======== RECORDS TO PROCESS ========
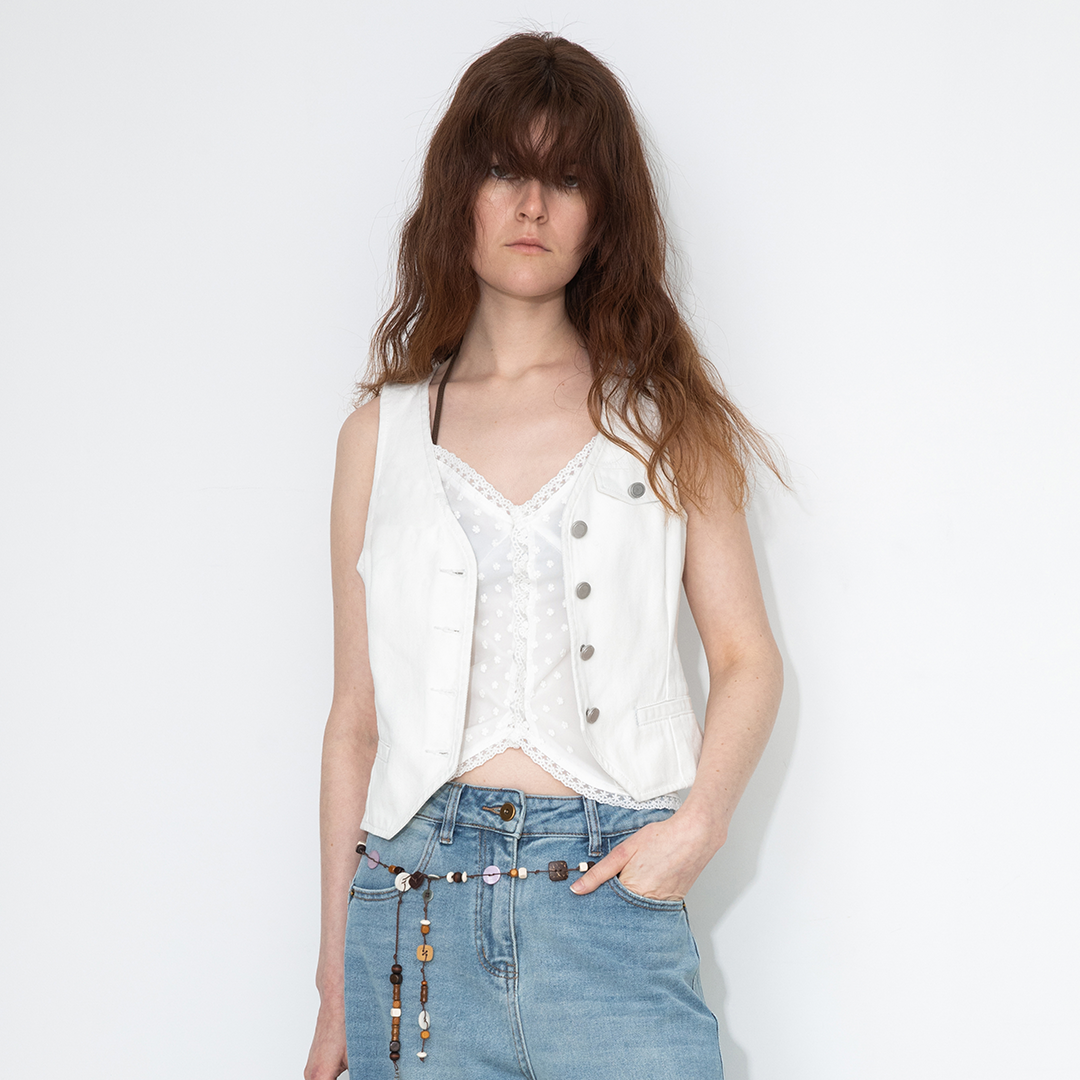 V-Neck Slim Fit Cropped Denim Vest-11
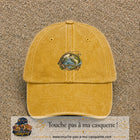 Casquette Jaune délavé - Moutarde délavé motif Pêche sportive 5 cm - vue principale
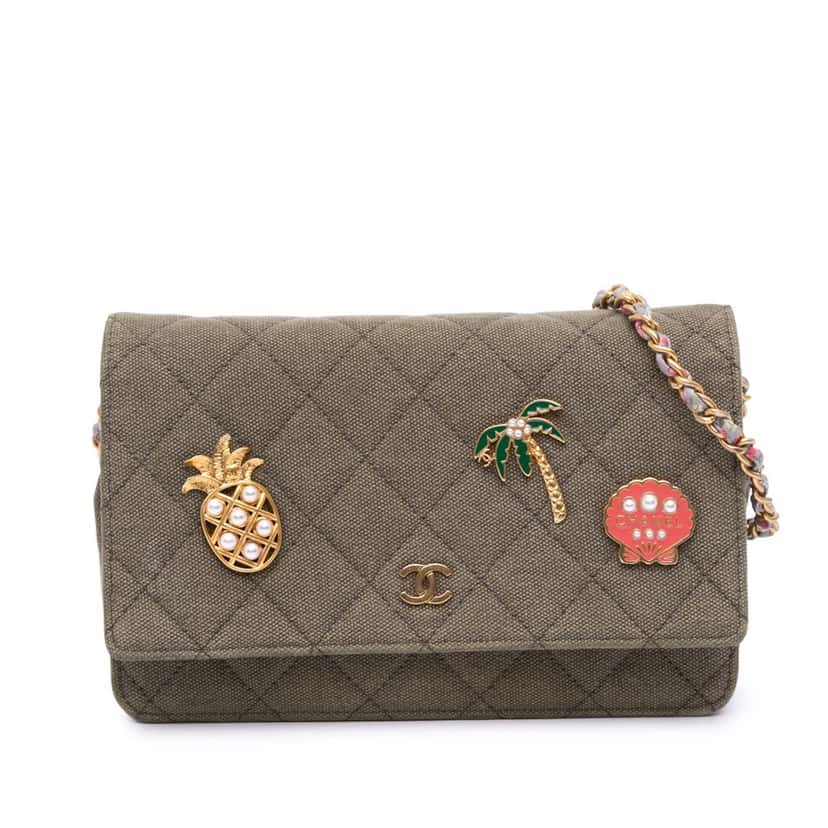 Chanel Quilted Canvas Coco Cuba Charms Wallet On Chain Brown Canvas Good condition - Front View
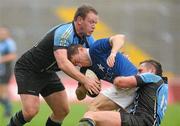 15 October 2011; Stephen Grissing, St Mary's College, is tackled by Stephen Keogh, left, John Clogan, Shannon. Ulster Bank League, Division 1A, Shannon v St Mary's College, Thomond Park, Limerick. Picture credit: Diarmuid Greene / SPORTSFILE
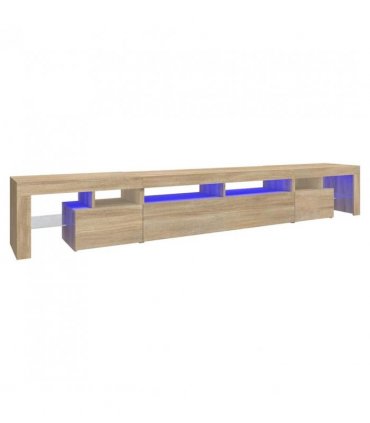 vidaXL TV Cabinet with LED Lights Sonoma Oak 260x36.5x40 cm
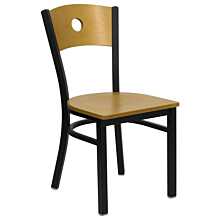 Flash Furniture HERCULES Series Black Circle Back Metal Restaurant Chair - Natural Wood Back & Seat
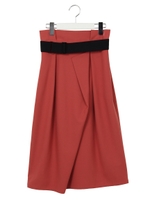 ベルトタイトミディスカート/BROWN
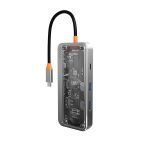 Ally 8in1 Type-C To Usb3.0 + Usb2.0 + Type-C + Pd + HDMI + Sd + Tf + Ethernet Çoğaltıcı Transparan H-(5775)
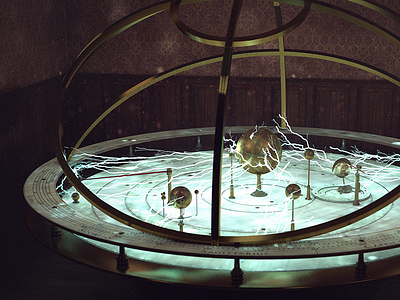 Orrery 3d c4d cinema4d globe light lighting lightning mechanical orrery planet science time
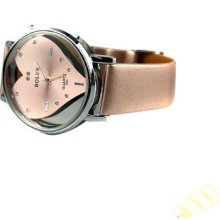 Stylish Round Unisex Quartz Wrist Watch with Faux Leather Band for Bo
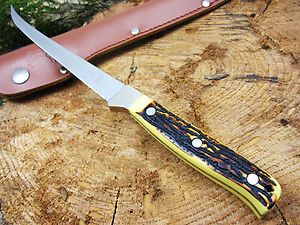   Stag Fillet Hunting Fishing Knife With Sheath Bass Crappie Catfish 146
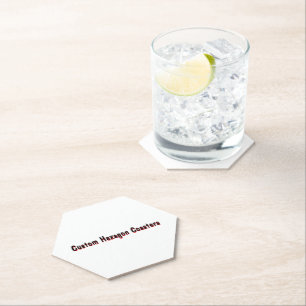 Posavasos De Papel Crea tu propio hexágono personalizado de 4" x 4"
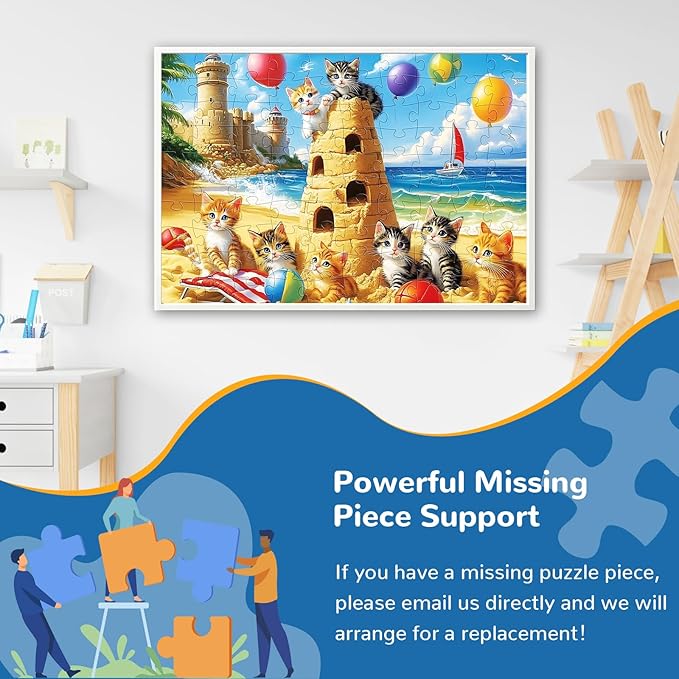 100 Pieces Puzzles for Kids Ages 4-8,Cat Animals Puzzle 100 Large Pieces Puzzle for Kids Teens Ages 4-6 6-8 8-10 Jigsaw Puzzles Educational Toys Birthday Gifts for Girls and Boys
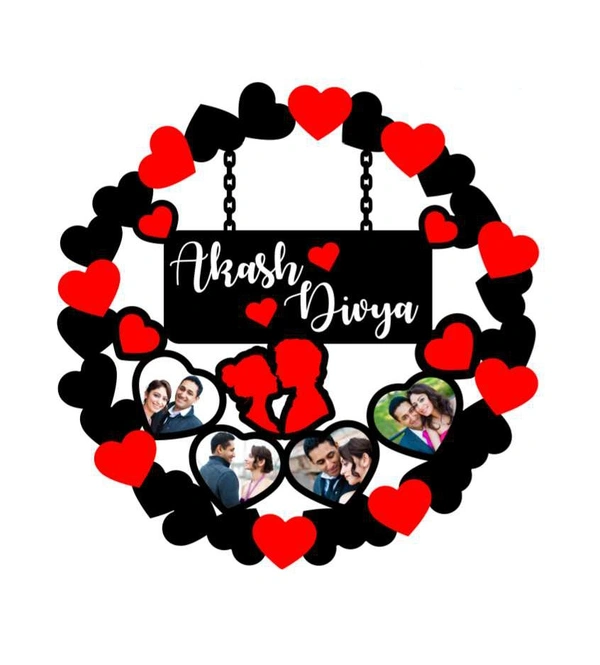 Black & Red Hearts with LED MDF Cutout Frame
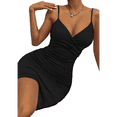 thumbnail image 2 of Vestidos de Cóctel para Mujer, Ajustados, con Escote en V, Tirantes Finos, Fruncidos, para Fiesta de Noche y Club Nocturno (2025) Negro M, 2 of 10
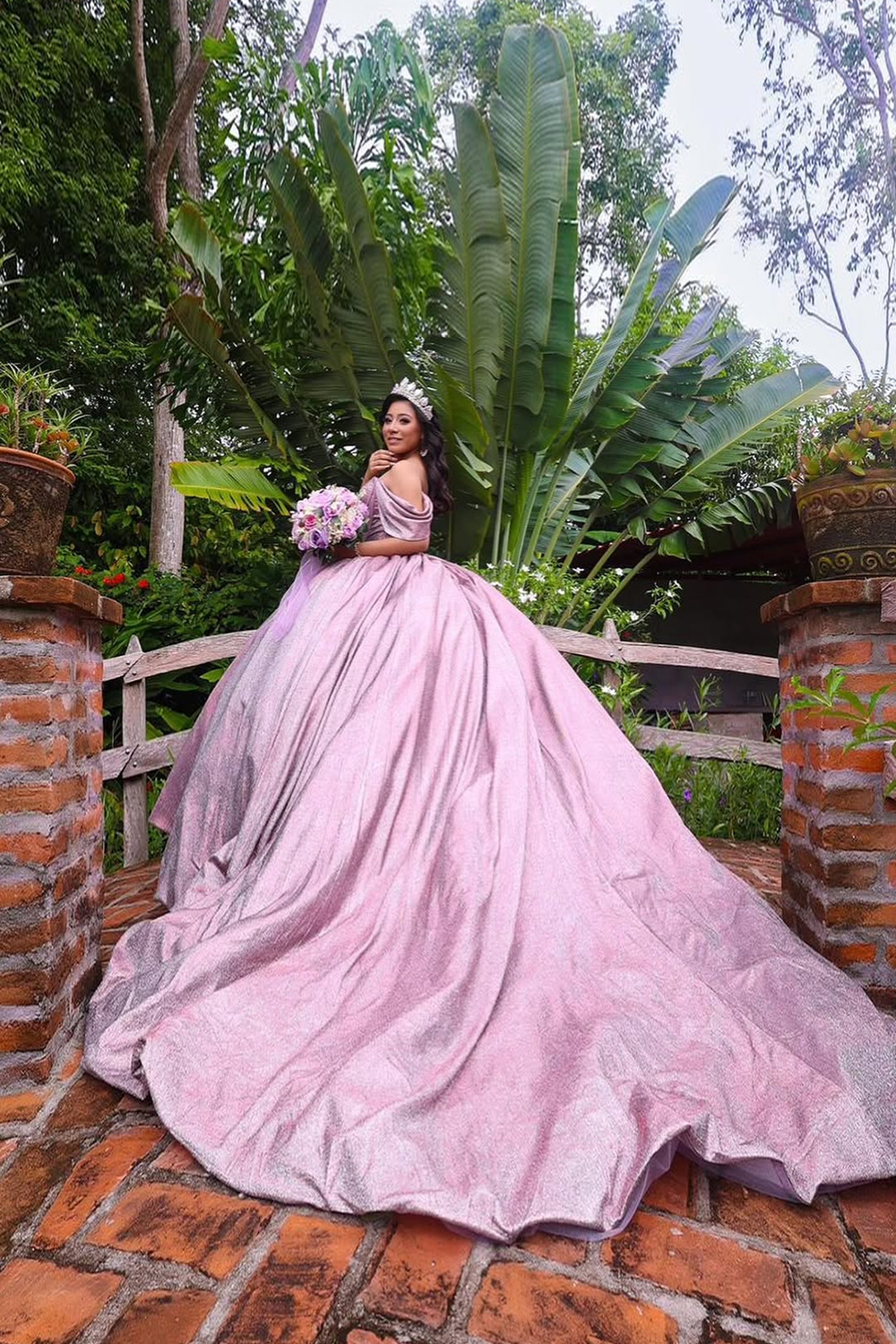 Sparkly Grey Purple Off the Shoulder Ball Gown Quinceanera Dress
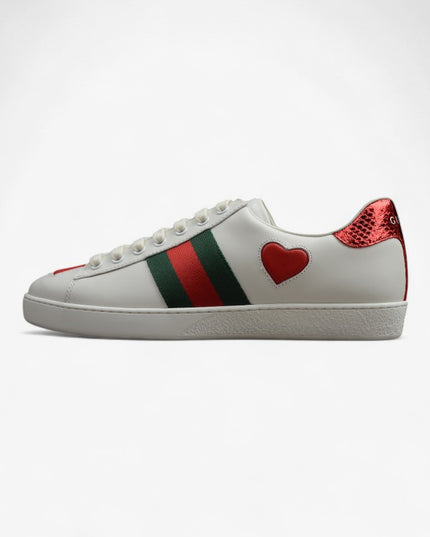 Gucci Ace Sneaker with Web Stripe and Red Heel Tab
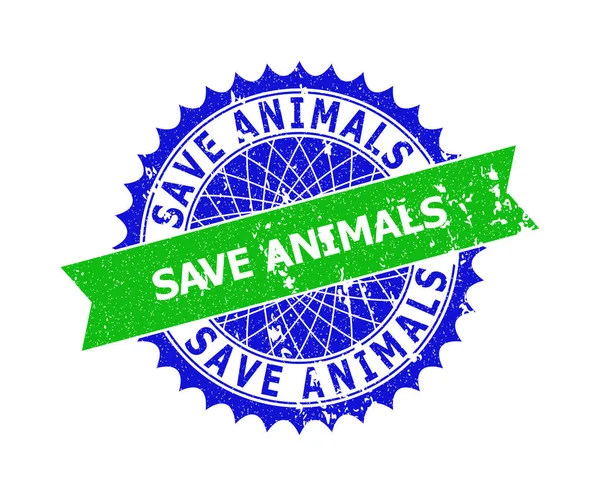 SAVE ANIMALS Rosette bicolore timbre ondulé — Image vectorielle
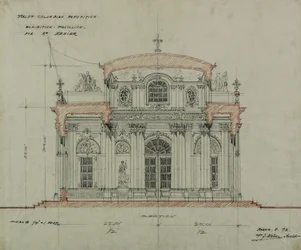 Pavillon du Chocolat-Menier, Exposition universelle de Colombie, Chicago, Illinois, croquis de coupe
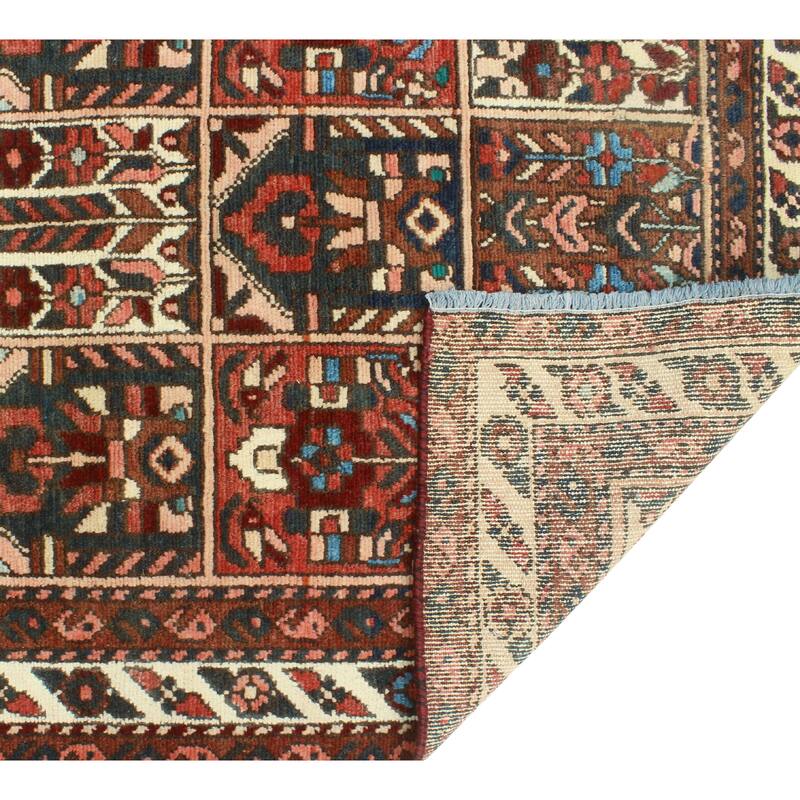 Fine Vintage Bakhtiari Nelson Red/Navy Runner - 3'2" x 9'6"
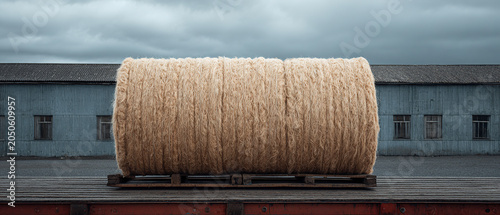 A wool bale being loaded onto a truck, ready to be transported to a processing facility, hardworking and practical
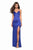 La Femme - V-neck Stretch Satin Trumpet Dress 27682SC - 1 pc Royal Blue In Size 00 Available CCSALE 00 / Royal Blue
========
Can the lines from the start of the records through the line with "thumbnail image 2" be given again exactly, with the pictures left out?

 V-Neck Slim Fit Cropped Denim Vest-11
 Casquette Jaune délavé - Moutarde délavé motif Pêche sportive 5 cm - vue principale
 Chanel Quilted Canvas Coco Cuba Charms Wallet On Chain Brown Canvas Good condition - Front View
 15 October 2011; Stephen Grissing, St Mary's College, is tackled by Stephen Keogh, left, John Clogan, Shannon. Ulster Bank League, Division 1A, Shannon v St Mary's College, Thomond Park, Limerick. Picture credit: Diarmuid Greene / SPORTSFILE
 vidaXL TV Cabinet with LED Lights Sonoma Oak 260x36.5x40 cm
 Flash Furniture HERCULES Series Black Circle Back Metal Restaurant Chair - Natural Wood Back & Seat
 ベルトタイトミディスカート/BROWN
 Ally 8in1 Type-C To Usb3.0 + Usb2.0 + Type-C + Pd + HDMI + Sd + Tf + Ethernet Çoğaltıcı Transparan H-(5775)
 Orrery 3d c4d cinema4d globe light lighting lightning mechanical orrery planet science time
 Stylish Round Unisex Quartz Wrist Watch with Faux Leather Band for Bo
   Stag Fillet Hunting Fishing Knife With Sheath Bass Crappie Catfish 146
 Posavasos De Papel Crea tu propio hexágono personalizado de 4" x 4"
 100 Pieces Puzzles for Kids Ages 4-8,Cat Animals Puzzle 100 Large Pieces Puzzle for Kids Teens Ages 4-6 6-8 8-10 Jigsaw Puzzles Educational Toys Birthday Gifts for Girls and Boys
 Black & Red Hearts with LED MDF Cutout Frame
 thumbnail image 2 of Vestidos de Cóctel para Mujer, Ajustados, con Escote en V, Tirantes Finos, Fruncidos, para Fiesta de Noche y Club Nocturno (2025) Negro M, 2 of 10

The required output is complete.